C’est une révolution. On compte aujourd’hui plus de 2 millions de Français expatriés à l’étranger, un chiffre qui a bondi de 28 % en dix ans. Un mariage sur sept est mixte, 40 000 jeunes font des études à l’étranger, un retraité sur dix vit en dehors de nos frontières… La matière juridique a forcément évolué au fil des changements sociétaux profonds. Il a fallu tout revoir, la base et les méthodes. Pas facile quand on sait que l’âge moyen des notaires est de 47 ans ! Le travail du notaire est triple : il faut qualifier, rattacher et authentifier. Avant, le droit international privé était considéré comme savant, élitiste, chantre de la jurisprudentialité. Aujourd’hui, il fait partie du quotidien des notaires, tout comme les règlements de l’Union européenne.

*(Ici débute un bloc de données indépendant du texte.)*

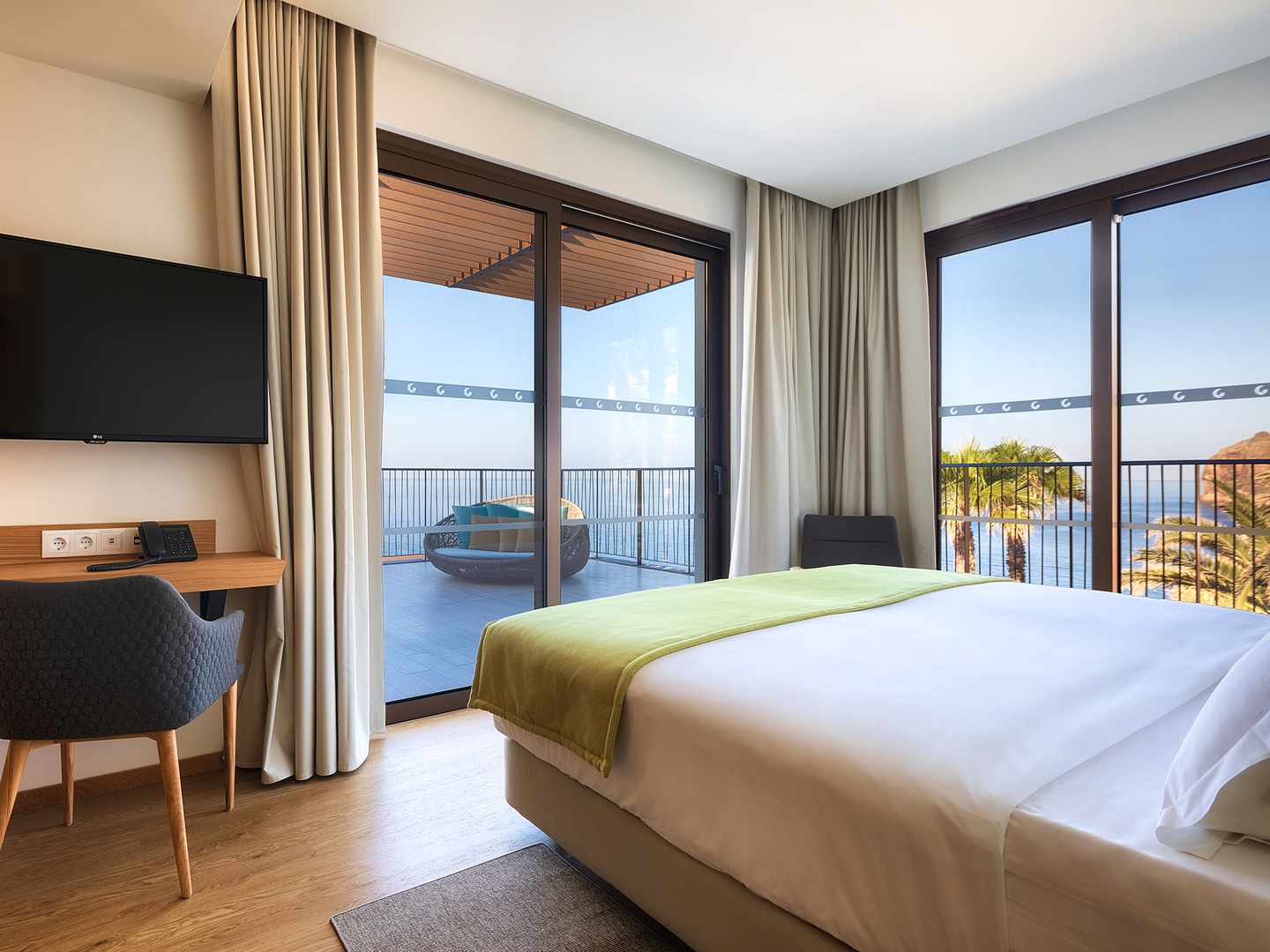 Zimmer im Sentido Galomar auf Madeira mit Doppelbett, großen Fensterfronten, Balkonzugang und Blick auf den Atlantik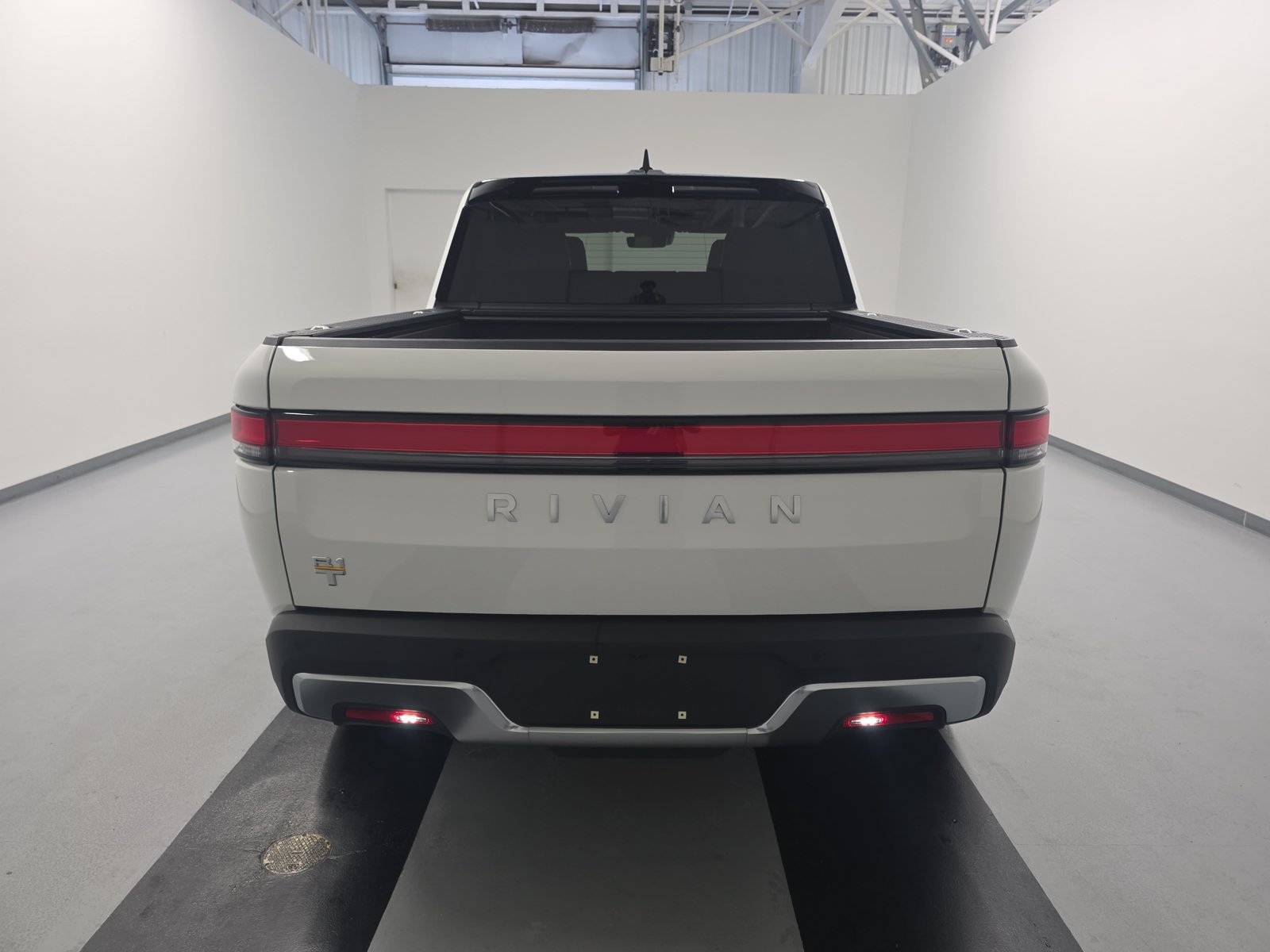 Used 2022 Rivian R1T Adventure AWD/4WD image 4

Quelles sont les grandes évolutions du droit international et plus précisément du droit européen ces dernières années ?
On peut citer en exemple l’entrée en application en janvier du règlement européen sur les régimes matrimoniaux, signé par 18 pays de l’Union. C’est un règlement qui s’inspire des règles existantes de nationalité et de résidence. Ce qui change, c’est la liberté de choix : si un Français épouse une Grecque à Bruxelles, le couple a le choix entre trois lois. Le notaire doit avoir la capacité de présenter les différentes options. Il faut qualifier chaque situation puis s’appuyer sur les outils que sont les textes, souvent rattachés à des conventions bilatérales. Autre exemple, en matière de droit de succession : un Finlandais décide de prendre sa retraite en Paca et y décède : la succession est réglée par le droit finlandais. Grâce à l’Union européenne, la matière est simplifiée. Avant, on s’appuyait sur la jurisprudence, c’était compliqué, on appelait ça le "droit des broussailles"!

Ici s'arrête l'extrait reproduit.